In a filing to Bursa Malaysia made on behalf of Tricubes on Friday, sponsor M&A Securities Sdn Bhd said it had submitted an application to Bursa Securities to push the deadline back to December 31.
Friday was also the submission deadline for Tricubes’ regularisation plan, which is at risk from being delisted.
The ACE-listed company triggered Bursa Securities’ Guidance Note 3 (GN3) last October after it was flagged by auditors concerned about its weak financial standing.
That same month, it then tried to get a waiver from Bursa Securities to comply with GN3 requirements but was unsuccessful.
The 1 Malaysia email project, or myemail, is expected to save the federal government RM200 million over 10 years by halving the cost of sending official correspondence to 50 sen from RM1.
While basic email is free for all Malaysians above the age of 18, users will have to pay for premium services such as end-to-end encryption and push billing services.
Tricubes chief executive Khairun Zainal Mokhtar (picture) admitted at a press briefing in April that the controversial RM50 million myemail project was a financial lifeline for the technology company.
Tricubes, which describes itself as “the market leader in Malaysia in identity verification”, reported a net loss of RM1.19 million on the back of RM1.14 million in revenue for the quarter ended June.

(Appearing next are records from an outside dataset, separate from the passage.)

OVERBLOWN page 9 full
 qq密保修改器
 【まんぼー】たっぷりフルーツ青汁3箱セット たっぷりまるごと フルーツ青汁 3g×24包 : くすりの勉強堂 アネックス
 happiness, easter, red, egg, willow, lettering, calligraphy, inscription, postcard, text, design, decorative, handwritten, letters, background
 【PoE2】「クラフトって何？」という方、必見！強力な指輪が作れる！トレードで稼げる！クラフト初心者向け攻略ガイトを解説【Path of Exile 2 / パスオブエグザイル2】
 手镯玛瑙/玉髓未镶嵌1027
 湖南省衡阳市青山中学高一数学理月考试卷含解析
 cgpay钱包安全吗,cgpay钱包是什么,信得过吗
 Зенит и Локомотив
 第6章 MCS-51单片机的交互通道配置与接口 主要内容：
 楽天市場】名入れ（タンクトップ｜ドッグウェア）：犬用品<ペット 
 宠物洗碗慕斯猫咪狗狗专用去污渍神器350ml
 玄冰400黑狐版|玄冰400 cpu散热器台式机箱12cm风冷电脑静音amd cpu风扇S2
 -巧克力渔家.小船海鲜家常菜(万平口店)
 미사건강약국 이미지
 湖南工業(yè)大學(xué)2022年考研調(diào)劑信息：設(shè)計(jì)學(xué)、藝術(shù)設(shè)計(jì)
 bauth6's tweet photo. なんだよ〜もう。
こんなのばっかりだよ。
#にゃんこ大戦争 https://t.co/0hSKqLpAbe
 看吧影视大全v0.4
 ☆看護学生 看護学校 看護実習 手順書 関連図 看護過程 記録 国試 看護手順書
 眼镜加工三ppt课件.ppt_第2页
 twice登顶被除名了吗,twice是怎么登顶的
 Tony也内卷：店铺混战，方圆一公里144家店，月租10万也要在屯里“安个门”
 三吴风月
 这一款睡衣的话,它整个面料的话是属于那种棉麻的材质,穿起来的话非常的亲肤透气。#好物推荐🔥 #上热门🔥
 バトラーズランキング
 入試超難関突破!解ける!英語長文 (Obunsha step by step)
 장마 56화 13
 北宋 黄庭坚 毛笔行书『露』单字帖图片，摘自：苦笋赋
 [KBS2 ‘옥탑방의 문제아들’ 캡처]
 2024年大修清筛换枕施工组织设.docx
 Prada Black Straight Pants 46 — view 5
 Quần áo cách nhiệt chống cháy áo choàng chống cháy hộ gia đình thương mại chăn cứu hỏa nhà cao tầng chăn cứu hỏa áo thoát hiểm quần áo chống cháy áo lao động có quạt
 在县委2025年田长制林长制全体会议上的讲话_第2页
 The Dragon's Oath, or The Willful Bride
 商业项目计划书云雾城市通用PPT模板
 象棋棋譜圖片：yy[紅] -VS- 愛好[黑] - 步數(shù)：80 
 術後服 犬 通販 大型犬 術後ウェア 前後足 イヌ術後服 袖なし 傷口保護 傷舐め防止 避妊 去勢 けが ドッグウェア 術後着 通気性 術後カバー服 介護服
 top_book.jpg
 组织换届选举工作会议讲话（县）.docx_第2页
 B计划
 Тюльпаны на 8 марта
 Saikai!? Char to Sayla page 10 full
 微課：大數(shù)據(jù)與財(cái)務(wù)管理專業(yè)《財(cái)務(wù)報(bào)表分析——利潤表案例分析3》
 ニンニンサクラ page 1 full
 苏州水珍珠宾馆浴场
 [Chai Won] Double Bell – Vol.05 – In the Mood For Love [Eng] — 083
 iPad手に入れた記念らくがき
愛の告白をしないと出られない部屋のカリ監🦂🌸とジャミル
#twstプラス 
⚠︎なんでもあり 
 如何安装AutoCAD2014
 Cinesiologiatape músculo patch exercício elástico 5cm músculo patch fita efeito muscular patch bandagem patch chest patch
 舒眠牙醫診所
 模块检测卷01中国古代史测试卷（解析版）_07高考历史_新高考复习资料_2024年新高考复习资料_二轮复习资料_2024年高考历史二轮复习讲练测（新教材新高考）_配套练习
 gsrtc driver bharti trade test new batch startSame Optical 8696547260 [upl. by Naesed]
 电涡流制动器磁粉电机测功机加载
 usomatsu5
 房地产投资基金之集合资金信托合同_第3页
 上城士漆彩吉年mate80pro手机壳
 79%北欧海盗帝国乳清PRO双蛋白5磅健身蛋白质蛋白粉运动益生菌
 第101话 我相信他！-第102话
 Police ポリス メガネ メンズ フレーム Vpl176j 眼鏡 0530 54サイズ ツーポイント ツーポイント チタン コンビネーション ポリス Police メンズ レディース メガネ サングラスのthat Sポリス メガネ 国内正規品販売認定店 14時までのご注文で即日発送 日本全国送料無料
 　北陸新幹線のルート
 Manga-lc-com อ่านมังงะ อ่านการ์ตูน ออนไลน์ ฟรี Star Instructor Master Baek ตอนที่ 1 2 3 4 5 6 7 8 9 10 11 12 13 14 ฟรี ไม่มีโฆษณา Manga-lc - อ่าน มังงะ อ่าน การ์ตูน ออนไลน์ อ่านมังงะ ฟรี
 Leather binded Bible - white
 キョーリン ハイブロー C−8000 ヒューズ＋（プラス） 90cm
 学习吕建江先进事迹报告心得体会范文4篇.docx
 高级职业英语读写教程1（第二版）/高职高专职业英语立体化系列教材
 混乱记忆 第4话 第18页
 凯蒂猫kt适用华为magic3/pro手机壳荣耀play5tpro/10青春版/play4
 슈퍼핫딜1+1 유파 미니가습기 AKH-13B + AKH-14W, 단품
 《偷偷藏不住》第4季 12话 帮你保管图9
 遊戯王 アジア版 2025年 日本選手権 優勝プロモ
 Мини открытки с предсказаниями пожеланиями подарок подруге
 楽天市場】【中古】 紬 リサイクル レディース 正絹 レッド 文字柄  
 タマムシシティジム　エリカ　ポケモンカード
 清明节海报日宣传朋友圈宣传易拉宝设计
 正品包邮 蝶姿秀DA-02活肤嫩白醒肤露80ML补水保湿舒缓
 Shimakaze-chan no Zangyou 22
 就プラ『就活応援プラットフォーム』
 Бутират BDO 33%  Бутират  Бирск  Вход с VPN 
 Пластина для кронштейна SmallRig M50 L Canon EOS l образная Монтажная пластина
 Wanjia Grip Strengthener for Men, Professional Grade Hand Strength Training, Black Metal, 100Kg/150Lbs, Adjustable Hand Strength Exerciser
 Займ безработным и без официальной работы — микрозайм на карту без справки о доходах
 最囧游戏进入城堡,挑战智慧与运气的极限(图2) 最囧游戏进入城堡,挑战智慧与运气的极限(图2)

The company aims to sign up 5.4 million users by year-end but has so far only managed to register some 3,000 subscribers, most of whom were ported over from trial accounts.
It was reported earlier this month that Tricubes has also approached four government agencies to use its push billing email system and will soon start pilot trials with two.
The agencies are the Royal Malaysian Police (PDRM), Kuala Lumpur City Hall (DBKL), Road Transport Department (JPN) and Employees Provident Fund (EPF).
Critics have questioned the need for the service, pointing out that companies such as Google, Microsoft and Yahoo! already provide free and secure web-based email accounts.
Detractors also questioned why loss-making Tricubes, working in collaboration with Hotmail service owner Microsoft Corp, was tapped to spearhead the project.